When write-ahead logs are enabled, the received data is saved to log files in a fault-tolerant file system. So in spark streaming, it allows the received data to be durable in case of any failure. It ensures zero data loss by either recovering all the data logs or re-sending all data from the sources.

Implementation of Fault Tolerance in Spark Streaming:

While the streaming application is starting, the spark context is used as the starting point of functionality. The connection to the spark cluster is represented by the Spark context. The receivers, on the other hand, receive streaming data and save it in spark’s memory for processing.

• Receiving data:
  A receiver turns the stream of data into blocks and then stores them in the memory of the executor. And also the data are written to a  write-ahead log in fault-tolerant file systems if enabled.
•  Notifying driver:
  Sending metadata of received blocks to the streaming context in the driver.  Metadata includes, sending block’s reference ids for locating their data in the executor memory and block’s data offset information in the log (if enabled)

• Processing the data:
  The streaming context uses the block information to generate jobs and RDDs on them. Spark context processes the in-memory blocks by executing these jobs by running tasks.

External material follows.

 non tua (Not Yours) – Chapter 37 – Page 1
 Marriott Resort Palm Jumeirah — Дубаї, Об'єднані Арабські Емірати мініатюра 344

• Checkpointing the computation:
  Checkpoints the computation to another set of files, this process helps to recover from the failure.

• Recover computation:
  It uses the checkpointed information to restart the driver and all receivers. And also uses it to reconstruct the contexts.

•  Recover block metadata:
  It is necessary to recover the metadata of all blocks to continue the processing.

• Re-generate incomplete jobs:
  Some processes may get incomplete due to the failure of the batches. In that case, using the recovered block metadata, it regenerates corresponding jobs & RDDs.

• Read the block saved in the logs:
  The block data is read directly from the write-ahead logs when it executes those jobs. It recovers all the important data that was reliably saved to the logs.

• Resend unacknowledged data:
   Buffered data that was not saved to the log will be resent by the source, at the time of failure, because the receiver does not acknowledge it.

Latency Tolerance in Spark Streaming:

• Latency is another important factor in stream processing. If we can react to event patterns in milliseconds, we can avoid the challenge of fraud detection in banking and other security applications. However, when latencies exceed 100 milliseconds, it may be less valuable because we are only detecting after something has happened.
•  By default, Structured Streaming uses a micro-batch execution model. In this case, the Spark streaming engine checks the streaming source on a regular basis and runs a batch query whenever new data arrives since the last batch ended. This will allow us to achieve high throughput with latencies as low as 100ms.
• In Continuous Processing mode, Instead of running tasks on a regular basis, Spark launches a set of long-running tasks that continuously read, process, and write data. End-to-end latency is a few milliseconds here because events are processed and written to sink as soon as they become available.

Conclusion

The fault tolerance property of Apache Spark ensures that no data is lost due to driver failure. This is attained with the help of write-ahead logs and reliable receivers. The fault and latency tolerance properties of Spark streaming improve the efficiency of the system.